*TASK GOAL*
In the listing below, the answer starts at the line that has "2020-2023 Cadillac CT4" and stops after the line that has "Great 3 Hole"; please repeat that part exactly and nothing more.

*SOURCE MATERIAL*
==*==
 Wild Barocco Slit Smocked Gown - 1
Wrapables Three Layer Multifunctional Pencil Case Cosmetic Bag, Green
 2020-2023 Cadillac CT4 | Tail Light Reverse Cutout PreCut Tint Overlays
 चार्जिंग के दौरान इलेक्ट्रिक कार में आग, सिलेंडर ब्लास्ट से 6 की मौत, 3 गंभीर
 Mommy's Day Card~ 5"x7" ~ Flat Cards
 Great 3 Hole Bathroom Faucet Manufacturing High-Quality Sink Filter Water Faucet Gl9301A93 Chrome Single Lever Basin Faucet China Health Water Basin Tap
==*==
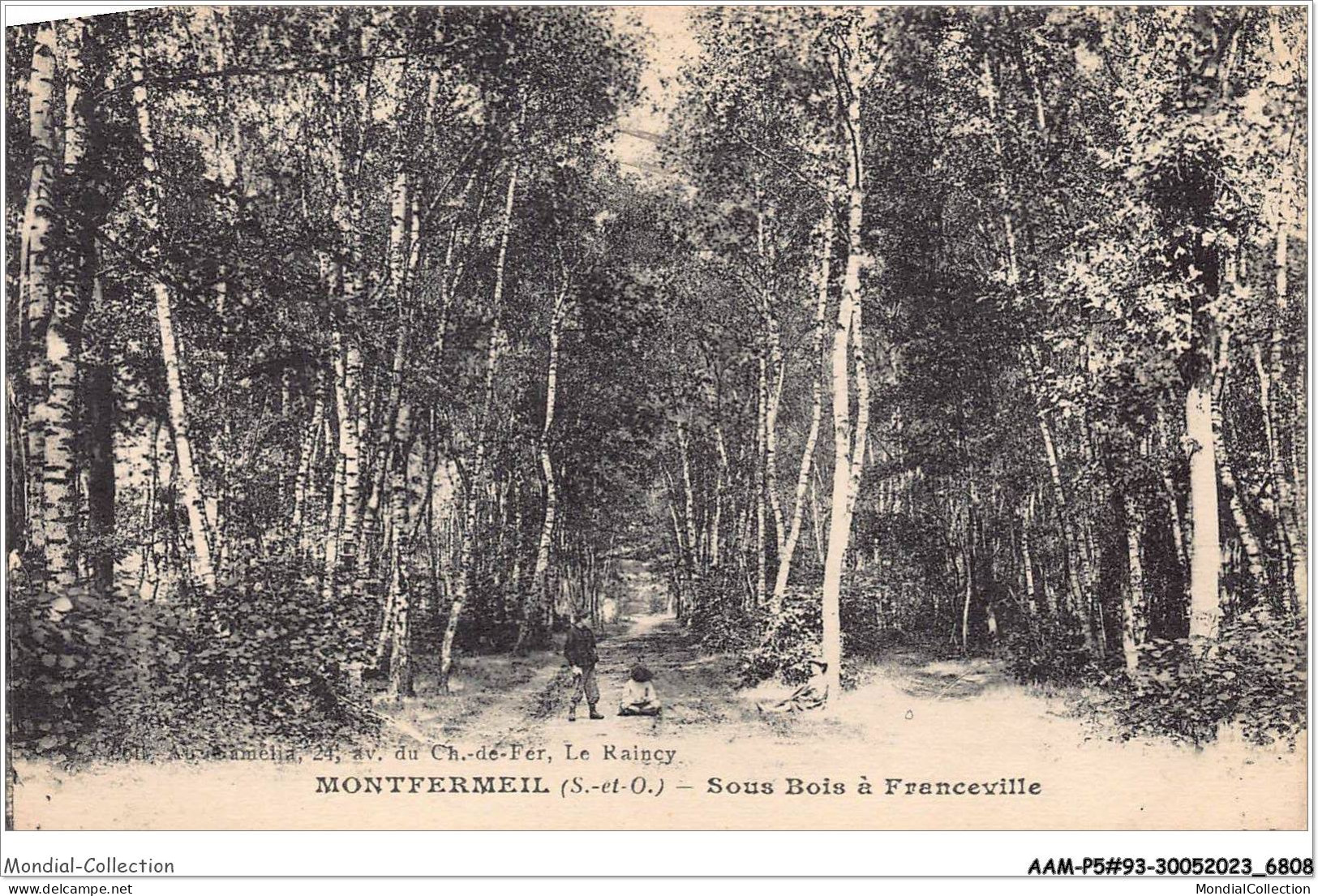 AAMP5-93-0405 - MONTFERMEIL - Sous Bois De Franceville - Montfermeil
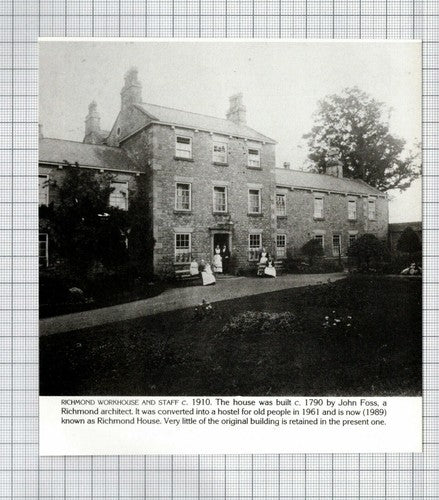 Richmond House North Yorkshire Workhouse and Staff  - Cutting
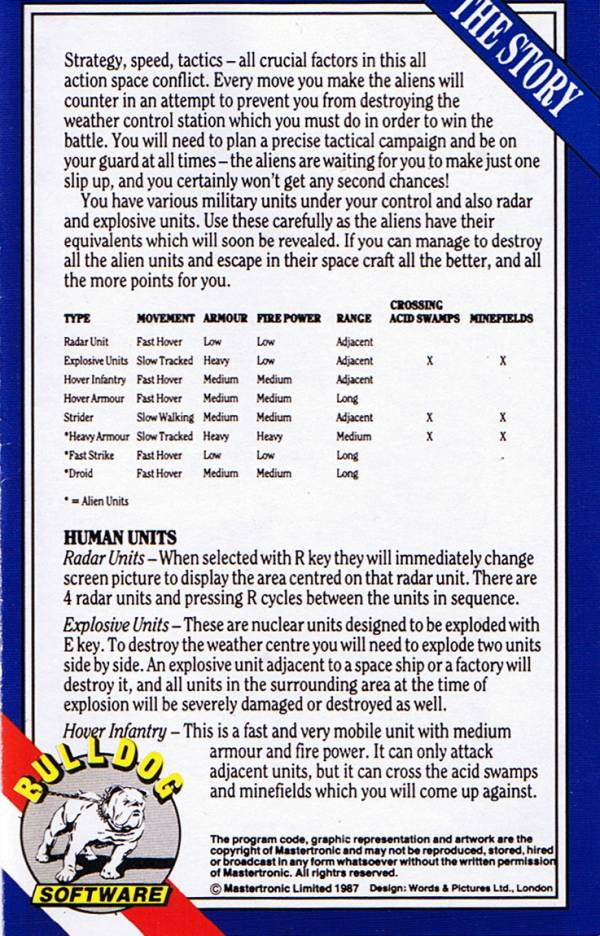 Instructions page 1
==*==
*ANSWER*
 2020-2023 Cadillac CT4 | Tail Light Reverse Cutout PreCut Tint Overlays
 चार्जिंग के दौरान इलेक्ट्रिक कार में आग, सिलेंडर ब्लास्ट से 6 की मौत, 3 गंभीर
 Mommy's Day Card~ 5"x7" ~ Flat Cards
 Great 3 Hole Bathroom Faucet Manufacturing High-Quality Sink Filter Water Faucet Gl9301A93 Chrome Single Lever Basin Faucet China Health Water Basin Tap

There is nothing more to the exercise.